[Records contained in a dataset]
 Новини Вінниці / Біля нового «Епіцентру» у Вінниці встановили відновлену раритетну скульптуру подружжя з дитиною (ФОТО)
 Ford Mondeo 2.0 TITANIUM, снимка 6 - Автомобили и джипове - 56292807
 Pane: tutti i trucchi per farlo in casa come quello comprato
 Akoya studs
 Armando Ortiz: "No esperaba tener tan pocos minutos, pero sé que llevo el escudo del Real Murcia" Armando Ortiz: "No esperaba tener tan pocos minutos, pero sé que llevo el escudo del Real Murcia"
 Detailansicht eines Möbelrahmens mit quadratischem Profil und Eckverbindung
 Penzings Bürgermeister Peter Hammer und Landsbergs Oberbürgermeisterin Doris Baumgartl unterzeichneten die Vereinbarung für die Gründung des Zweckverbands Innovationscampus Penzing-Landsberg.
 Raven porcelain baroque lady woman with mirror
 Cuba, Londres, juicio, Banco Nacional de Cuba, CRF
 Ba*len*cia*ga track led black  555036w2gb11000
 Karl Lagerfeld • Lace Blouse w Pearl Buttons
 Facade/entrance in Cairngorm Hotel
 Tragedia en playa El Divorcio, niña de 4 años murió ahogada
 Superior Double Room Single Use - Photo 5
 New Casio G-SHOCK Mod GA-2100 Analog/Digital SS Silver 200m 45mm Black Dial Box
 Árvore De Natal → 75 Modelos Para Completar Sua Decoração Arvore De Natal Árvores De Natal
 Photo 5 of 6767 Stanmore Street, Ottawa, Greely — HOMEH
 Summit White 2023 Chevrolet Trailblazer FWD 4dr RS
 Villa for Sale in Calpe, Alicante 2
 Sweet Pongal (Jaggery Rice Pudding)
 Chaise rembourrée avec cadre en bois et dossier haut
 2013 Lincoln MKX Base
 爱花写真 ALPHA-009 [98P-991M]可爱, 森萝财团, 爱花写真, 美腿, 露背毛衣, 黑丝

How to complete this task :: Above are the records; copy exactly the lines from the line with "Akoya studs" through the line with "New Casio G-SHOCK", both included.

Solution below ::
 Akoya studs
 Armando Ortiz: "No esperaba tener tan pocos minutos, pero sé que llevo el escudo del Real Murcia" Armando Ortiz: "No esperaba tener tan pocos minutos, pero sé que llevo el escudo del Real Murcia"
 Detailansicht eines Möbelrahmens mit quadratischem Profil und Eckverbindung
 Penzings Bürgermeister Peter Hammer und Landsbergs Oberbürgermeisterin Doris Baumgartl unterzeichneten die Vereinbarung für die Gründung des Zweckverbands Innovationscampus Penzing-Landsberg.
 Raven porcelain baroque lady woman with mirror
 Cuba, Londres, juicio, Banco Nacional de Cuba, CRF
 Ba*len*cia*ga track led black  555036w2gb11000
 Karl Lagerfeld • Lace Blouse w Pearl Buttons
 Facade/entrance in Cairngorm Hotel
 Tragedia en playa El Divorcio, niña de 4 años murió ahogada
 Superior Double Room Single Use - Photo 5
 New Casio G-SHOCK Mod GA-2100 Analog/Digital SS Silver 200m 45mm Black Dial Box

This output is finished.